In his youth, Stoner was known to love fast horses and often challenged friends and rivals to races over country roads. He also was one of the pillars of the Frederick County Baseball League and managed several of Thurmont’s championship teams. He maintained a strong interest in baseball and regularly listened to radio broadcasts of major league games.
Judge Stoner served as Thurmont’s local Trial Magistrate for 18 years. In addition to his court duties, he also handled the sale of hunting, fishing, and dog licenses. Despite his role as adjudicator, even those against whom he ruled viewed Stoner as fair and reasonable. He held court in the basement of his house on East Main Street.

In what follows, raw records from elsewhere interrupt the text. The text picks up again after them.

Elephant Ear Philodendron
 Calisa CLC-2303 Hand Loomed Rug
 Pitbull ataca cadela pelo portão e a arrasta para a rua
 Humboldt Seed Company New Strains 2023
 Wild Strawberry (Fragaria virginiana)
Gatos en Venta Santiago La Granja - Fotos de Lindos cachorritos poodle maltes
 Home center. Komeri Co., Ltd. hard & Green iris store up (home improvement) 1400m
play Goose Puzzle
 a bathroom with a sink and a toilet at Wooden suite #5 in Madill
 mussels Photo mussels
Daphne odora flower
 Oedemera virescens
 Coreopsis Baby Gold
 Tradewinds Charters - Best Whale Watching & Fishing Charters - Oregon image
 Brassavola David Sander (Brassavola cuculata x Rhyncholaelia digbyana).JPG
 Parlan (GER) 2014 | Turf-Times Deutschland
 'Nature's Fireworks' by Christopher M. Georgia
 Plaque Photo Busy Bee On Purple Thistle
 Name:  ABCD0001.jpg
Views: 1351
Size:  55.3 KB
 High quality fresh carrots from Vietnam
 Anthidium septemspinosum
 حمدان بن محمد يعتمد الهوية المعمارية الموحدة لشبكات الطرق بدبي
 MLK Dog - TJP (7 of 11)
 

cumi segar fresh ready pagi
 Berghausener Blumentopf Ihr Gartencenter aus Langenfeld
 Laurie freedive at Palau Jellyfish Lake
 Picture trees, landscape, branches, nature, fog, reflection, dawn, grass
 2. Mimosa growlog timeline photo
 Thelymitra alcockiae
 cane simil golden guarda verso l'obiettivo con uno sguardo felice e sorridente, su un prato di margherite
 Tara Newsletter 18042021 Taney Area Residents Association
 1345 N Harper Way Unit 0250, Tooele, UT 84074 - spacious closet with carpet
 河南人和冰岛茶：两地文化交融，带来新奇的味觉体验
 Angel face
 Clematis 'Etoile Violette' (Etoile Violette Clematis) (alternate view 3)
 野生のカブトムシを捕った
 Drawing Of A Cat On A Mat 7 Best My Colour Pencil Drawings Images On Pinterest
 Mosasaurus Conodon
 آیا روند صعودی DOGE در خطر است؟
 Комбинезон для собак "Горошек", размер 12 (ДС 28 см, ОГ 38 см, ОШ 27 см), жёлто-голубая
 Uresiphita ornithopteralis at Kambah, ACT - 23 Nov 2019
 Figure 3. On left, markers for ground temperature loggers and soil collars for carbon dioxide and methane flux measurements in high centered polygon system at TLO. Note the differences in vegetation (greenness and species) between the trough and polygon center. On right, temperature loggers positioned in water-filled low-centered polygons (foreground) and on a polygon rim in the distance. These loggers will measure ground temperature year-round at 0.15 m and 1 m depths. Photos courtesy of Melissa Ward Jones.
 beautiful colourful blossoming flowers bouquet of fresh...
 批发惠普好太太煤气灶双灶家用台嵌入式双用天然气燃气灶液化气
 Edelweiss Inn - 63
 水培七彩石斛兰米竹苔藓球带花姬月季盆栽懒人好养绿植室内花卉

He was a life-long Democrat and for many years the head of that party in the Thurmont District. In 1919 he was elected treasurer of the Thurmont Board of Commissioners and served in that capacity until 1924 when he became president, which made him mayor. He remained mayor until 1928 then declined to serve further. In 1935, he was appointed to fill an unexpired term as mayor, which he held until 1945 when he was defeated in a close election. It was Stoner’s only lost election in 21 tries. He started losing his sight in 1931 and became completely blind in January 1936. Despite the incapacity, he managed to get around town during his latter terms as mayor and carried on his duties as magistrate with efficiency.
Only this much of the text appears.